Stupid assembly question

BMW · Post by **BMW** » Thu Nov 21, 2013 8:52 pm

Is [ss:esp] the same as ss:[esp] in NASM syntax?

Brendan · Post by **Brendan** » Fri Nov 22, 2013 12:30 am

Hi,

BMW wrote:Is [ss:esp] the same as ss:[esp] in NASM syntax?

Yes. I think you can also do (e.g.) "ss mov eax,[esp]" if you want (but I wouldn't recommend this as it's less obvious what the "ss" is for).

Of course an SS segment override prefix is unnecessary when ESP or EBP is involved because SS is the default in those cases (in the same way that you could use "[esi]" instead of "[ds:esi]"). To avoid needing to remember the rules that determine which segment is the default segment you could just put segment override prefixes everywhere, or set SS=DS=ES and forget them.

Cheers,

Brendan

iansjack · Post by **iansjack** » Fri Nov 22, 2013 1:05 am

I agree with your self-assessment that this is a stupid question.
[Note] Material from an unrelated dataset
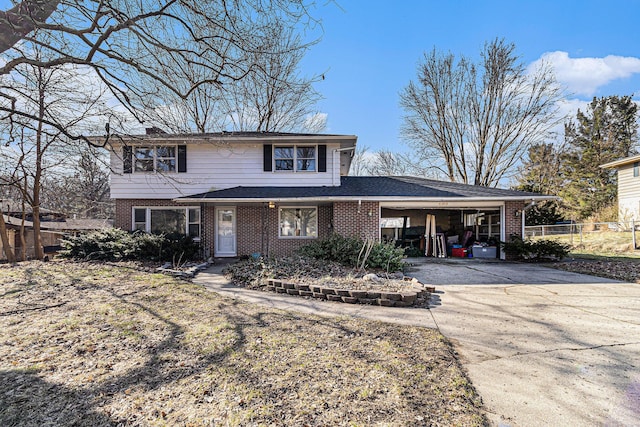 traditional-style house with an attached carport, concrete driveway, fence, and brick siding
Stupid not because you should be expected to know the answer but because you could have tested it so easily. It would have taken no time to write the code, assemble it, and check the opcodes produced.

An unwillingness to do a little experimentation and test things out doesn't bode well for OS development. It's (IMO) similar to those who ask "what is wrong with this code" without first doing a little elementary debugging for themselves.

Antti · Post by **Antti** » Fri Nov 22, 2013 1:22 am

If we had to make code aligned in a certain boundary, would it be better to use nops or unnecessary segment prefixes? This is a micro-optimization issue. For example, for loop starts the alignment could be "adjusted" to be always e.g. 16-byte. These unnecessary segment prefixes could be one tool to give some margin.

Whether this alignment has any impact on efficiency is another thing. In short: is a nop or an unnecessary segment prefix more ignored by the CPU. Intuitively, it feels that nops are better.

Kevin · Post by **Kevin** » Fri Nov 22, 2013 4:16 am

My intuition says otherwise, I believe prefixes should involve less overhead, especially in comparison to multi-byte nops, which are real full instructions that just happen to have no effect. But it's still just a guess.

In a quick look at the Intel Optimization Reference Manual I found their suggestions on what instructions to use for nop, and that prefixes tend to make things slower, but I couldn't find a comparison between the methods for padding. Perhaps they just didn't consider prefixes for padding?

BMW · Post by **BMW** » Fri Nov 22, 2013 4:26 am

Hi,

iansjack wrote:Stupid not because you should be expected to know the answer but because you could have tested it so easily. It would have taken no time to write the code, assemble it, and check the opcodes produced.

The only reason I labelled it stupid was to try to avoid responses like yours; it obviously hasn't worked.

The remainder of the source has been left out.